→ Try it
All lines from the one containing "Фото 8 - Volkswagen Sagitar" through the final line of the listing below, and no others, must be returned exactly; no pictures belong in the copy.
[Start of section]
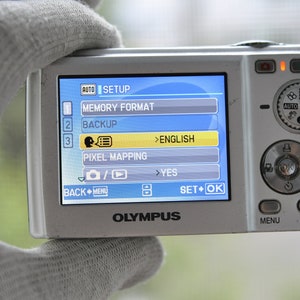Olympus FE FE-200 6.0MP Digital Camera - Silver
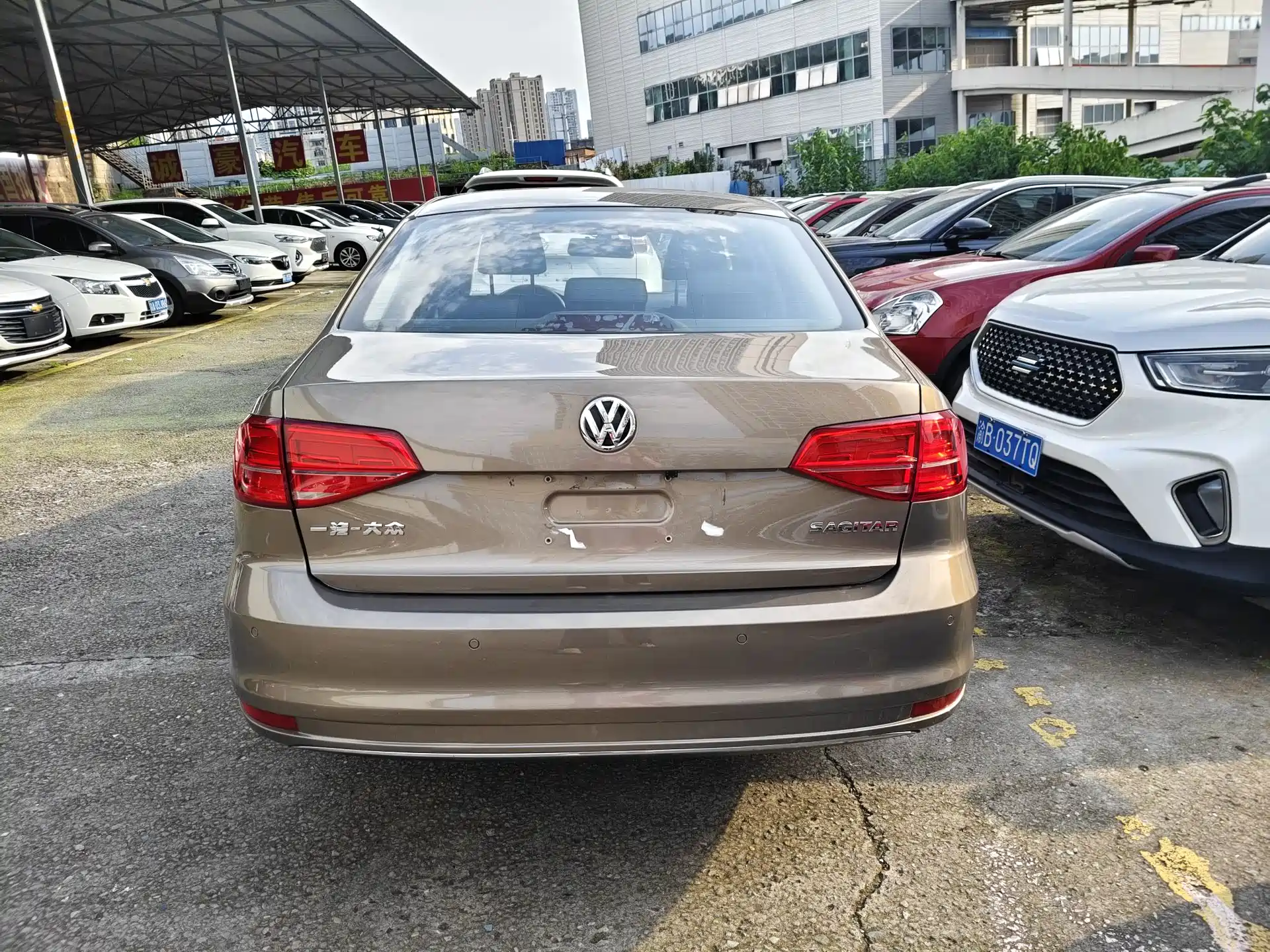 Фото 8 - Volkswagen Sagitar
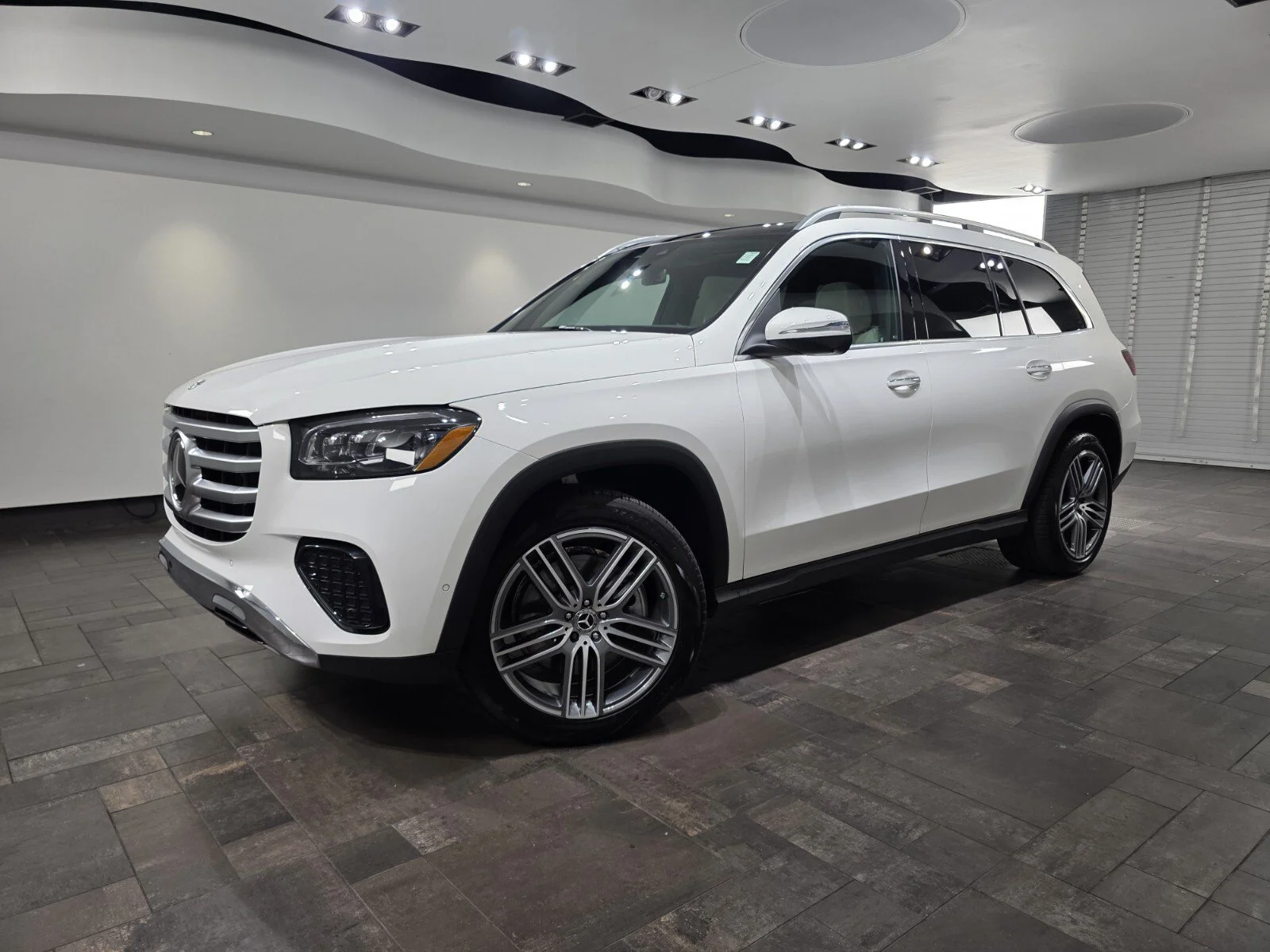 2025 Mercedes-Benz GLS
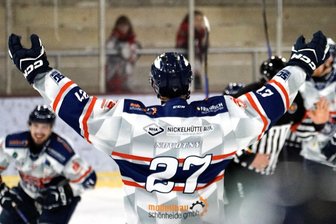 Eishockey-Wölfe aus dem Erzgebirge: So lief das Duell der Duelle an der Spree - David Novotny reißt die Arme nach oben: Die Wölfe haben das Spitzenspiel in Berlin gewonnen.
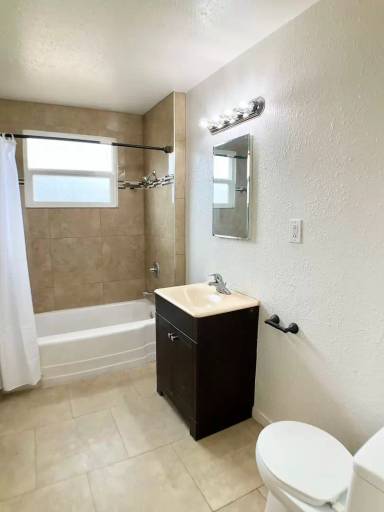 Main picture of 728 Innes Ave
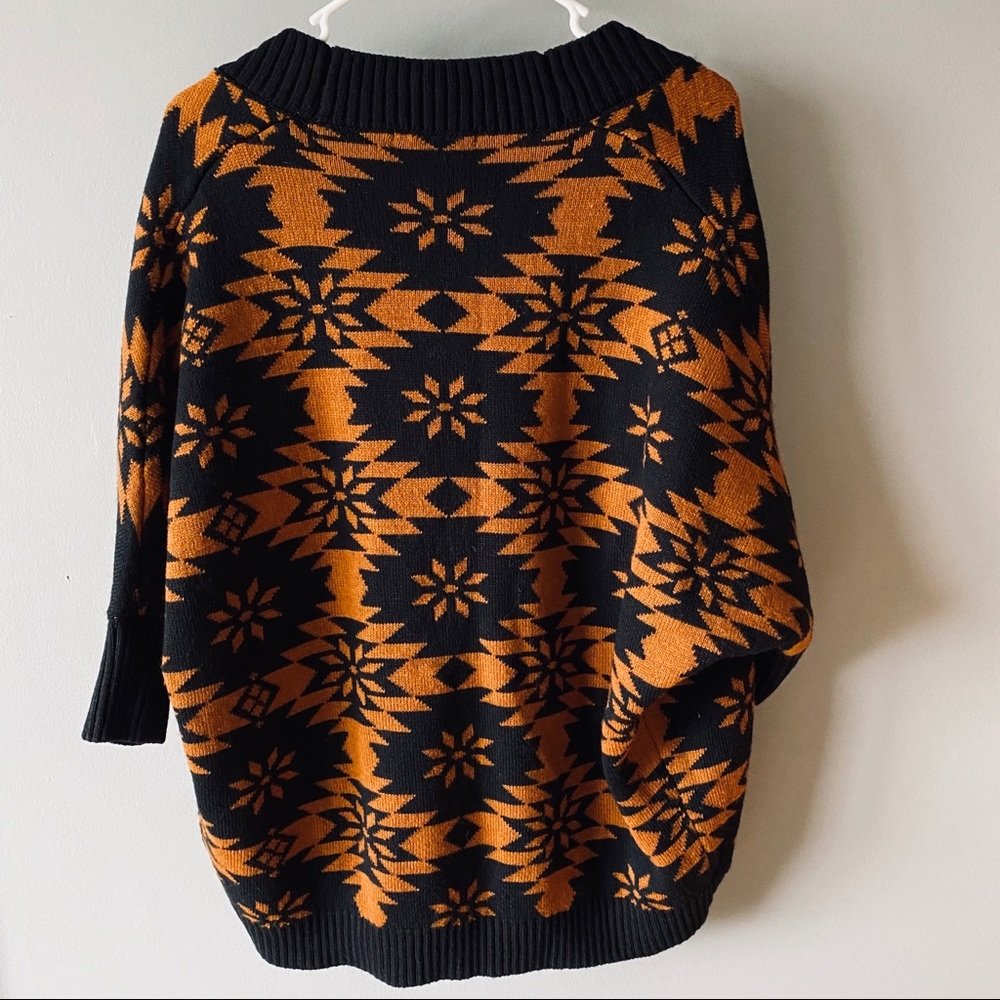 Modbe Geometric printed sweater - Picture 5 of 6
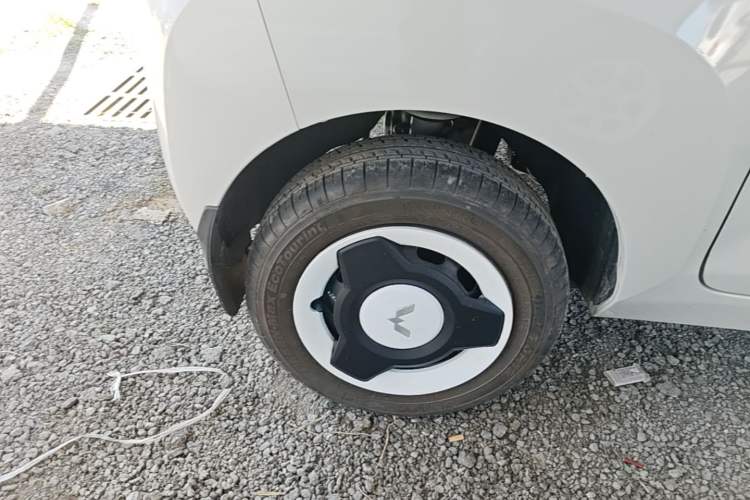 Used Wuling Hongguang MINIEV 2022 Macaron Fashion Edition Lithium-Nickel-Cobalt-Alpha-oxide Exterior 5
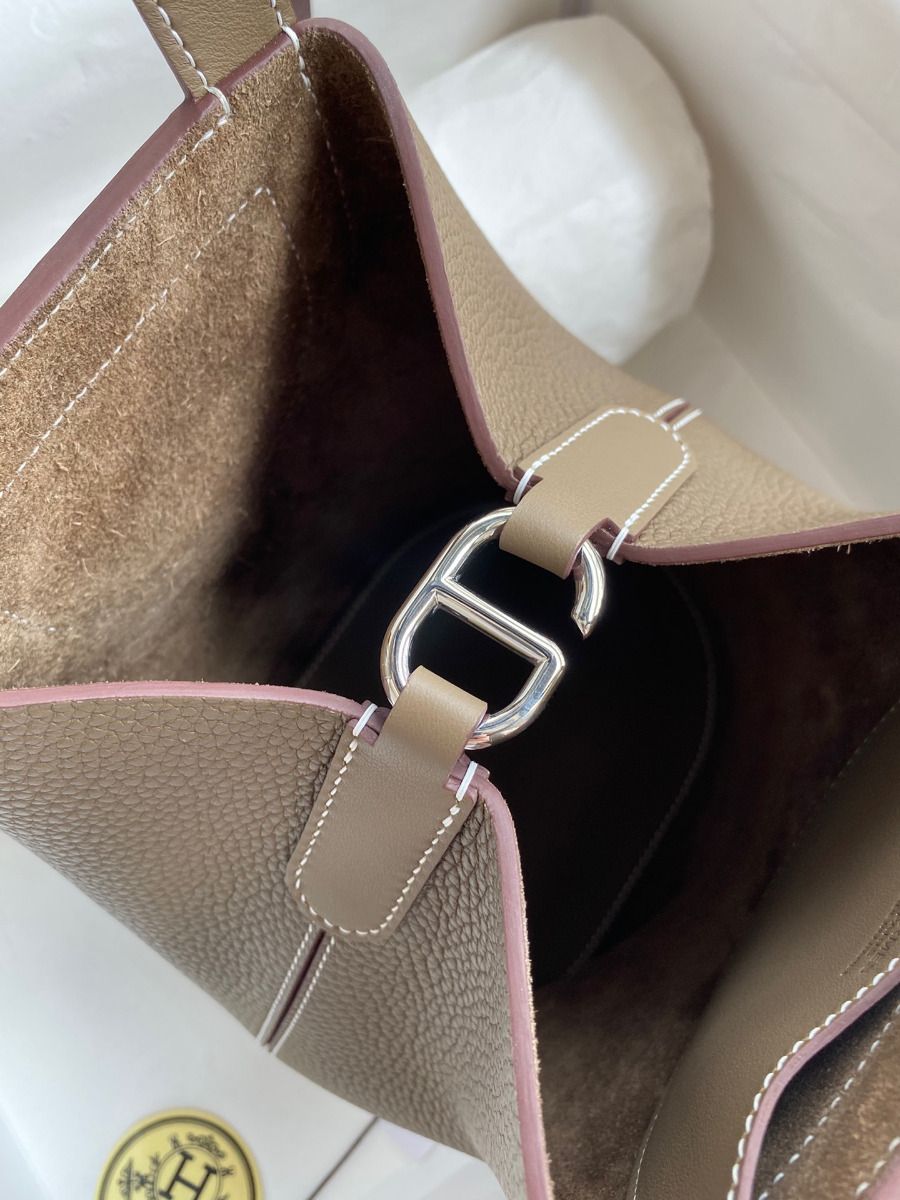 Hermes In The Loop 18 Handmade Bag in Taupe Clemence Leatherther - Image 9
[End of section]
→ Solution to this task
 Фото 8 - Volkswagen Sagitar
 2025 Mercedes-Benz GLS
 Eishockey-Wölfe aus dem Erzgebirge: So lief das Duell der Duelle an der Spree - David Novotny reißt die Arme nach oben: Die Wölfe haben das Spitzenspiel in Berlin gewonnen.
 Main picture of 728 Innes Ave
 Modbe Geometric printed sweater - Picture 5 of 6
 Used Wuling Hongguang MINIEV 2022 Macaron Fashion Edition Lithium-Nickel-Cobalt-Alpha-oxide Exterior 5
 Hermes In The Loop 18 Handmade Bag in Taupe Clemence Leatherther - Image 9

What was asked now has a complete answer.